# Task brief
For the entries below, copy exactly the line that contains "Memory Sitze Soundsyst" through the line that contains "Korona &scaron;kola: Učitelji", both ends included, and exclude all pictures.

# Information given
────────
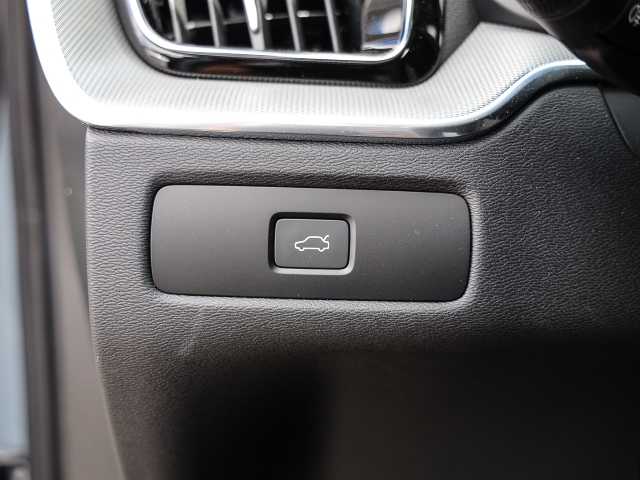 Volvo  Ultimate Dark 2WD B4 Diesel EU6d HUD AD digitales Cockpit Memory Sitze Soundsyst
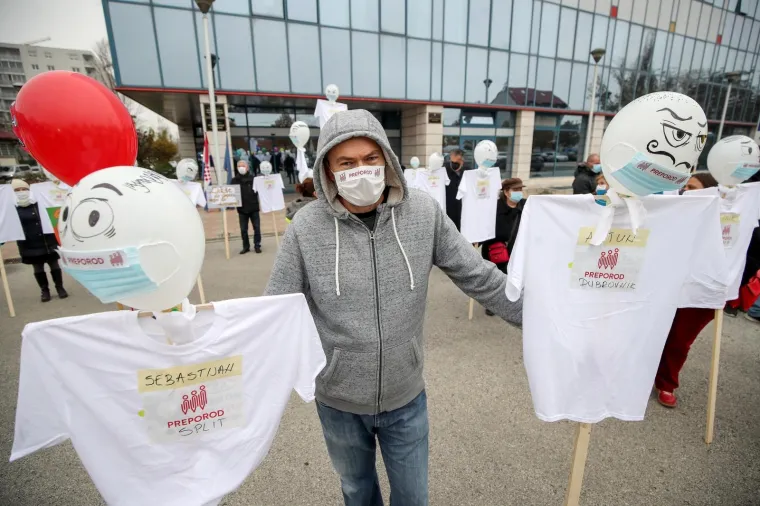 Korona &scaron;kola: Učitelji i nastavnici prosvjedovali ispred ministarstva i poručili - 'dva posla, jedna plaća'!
────────
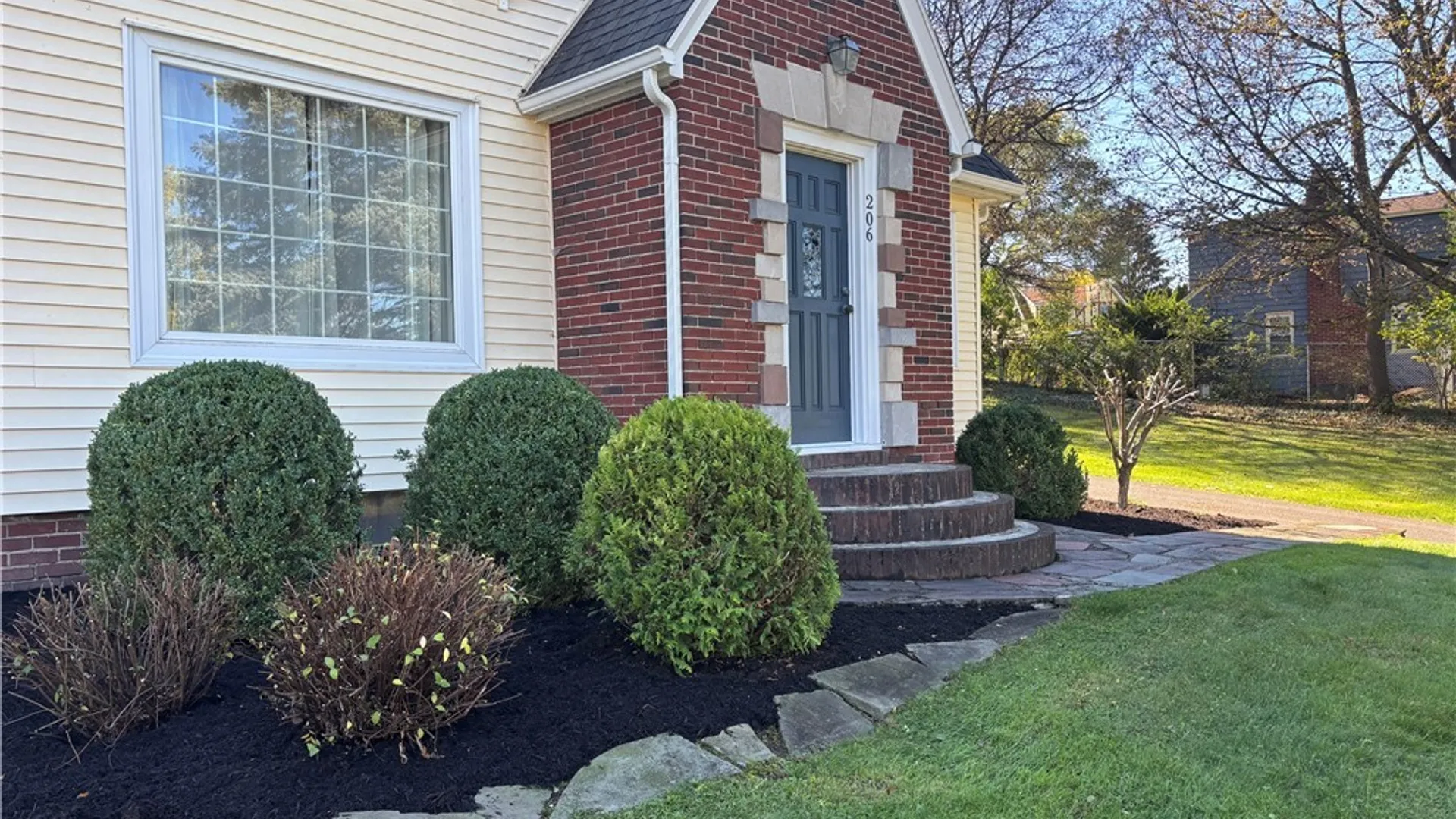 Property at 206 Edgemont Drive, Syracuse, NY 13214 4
────────
# Result for this task
 Volvo  Ultimate Dark 2WD B4 Diesel EU6d HUD AD digitales Cockpit Memory Sitze Soundsyst
 Korona &scaron;kola: Učitelji i nastavnici prosvjedovali ispred ministarstva i poručili - 'dva posla, jedna plaća'!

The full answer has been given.